At a conference held in Dedham, Massachusetts, back in 1984, fifty scientists met to find out if the universe was one big computer. 'The Los Angeles Times' reported, "The information revolution created by the computer is beginning to have a broad impact on the philosophy of science and on the fundamental way scientists view the world. 

"Not only are computers making their way as useful tools in the application of science and of business, they are also starting to reshape basic ideas about how the universe is organized. The change may help scientists solve major problems in physics, biology and chemistry. The notion here is that the universe is one big computer. The scientists met to consider what computers might tell them about physics and biology, and what physics and biology might tell them about how to build computers that think. 

"Their goal was to explore the question: What do computers, physics and biology have in common? Among the problems they talked about were evolution and the origin of life, the structure of atoms and molecules, the organization of the brain and neural networks, and the description of a wide variety of physical processes that are lumped together as 'chaos' – defying all efforts to explain them with current mathematics."   
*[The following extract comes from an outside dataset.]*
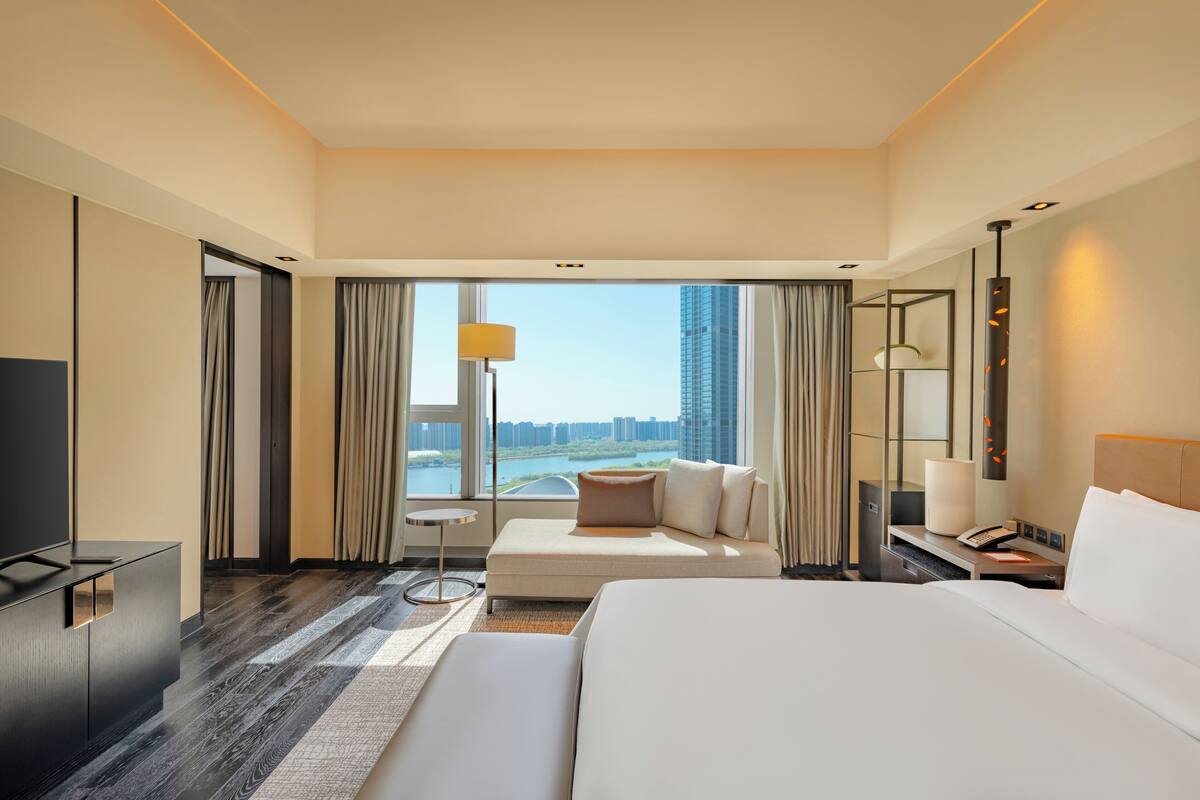 Une chambre d’hôtel moderne, dotée d’un grand lit, d’un canapé, d’un bureau et offrant une vue sur le paysage urbain.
Compuer scientist Daniel Hillis: "Maybe chaos is really a computing machine. There’s a sense that something is about to happen in scientific things. We understand a lot more about information than we did 20 years ago (say 1964). This has reverberations in all fields of science. The microscope was a tool for exploring things. The parallel computer will be a tool for us to explore things that are too big for us to figure out."  

Computer scientist Joseph Traub: "In the history of science, we’ve always had some kind of model to explain the world. After Newton, it was masses and springs. But computer concepts are now (in 1984) being used to build models in physics and biology. For the next few decades (1990s and beyond), the computer is going to be the paramount paradigm used to build models. It’s going to dominate our lifetimes."

Physicist Stephen Wolfram: "The computer is a useful practical tool; that’s widely appreciated. What's not so well appreciated is that the concepts on which computation is founded may be of considerable significance in understanding all sorts of science. The reason that computer theory can be applied to physics is that physics is just computation. There is actually a chance that there will be a major advance in scientific thought as the result of computational and information ideas."

Biologist Michael Conrad: "Biology is even more complicated. It brings in many modes of thinking that don't fit into mathematics. The amount of information processing in nature is much more than you can fit in any computer." As reported, "Living creatures have some self-organizing principle that maintains their stability despite numerous failures – small and large – along the way. 

"Computers have no such principle. In general, the problem is that humans have been constantly learning since birth, and they are somehow able in an instant to find the appropriate bit of practical knowledge to fit most situations. The scientists at the conference here believe that organization is somehow the key to solving the problem, but there are scant ideas for getting a machine to do it. 

"Despite small areas of progress (at the time), artificial intelligence, the goal of computer scientists since computers were developed, remains an intractable problem (at the time). As long as the tasks are severely restricted, computers can do them. But when faced with real-world situations, computers fall on their faces (at the time)." Researcher Tad Hogg: "If you change a few atoms in a rock, the rock is still the same. But if you change a computer program just a bit, you get complete garbage out."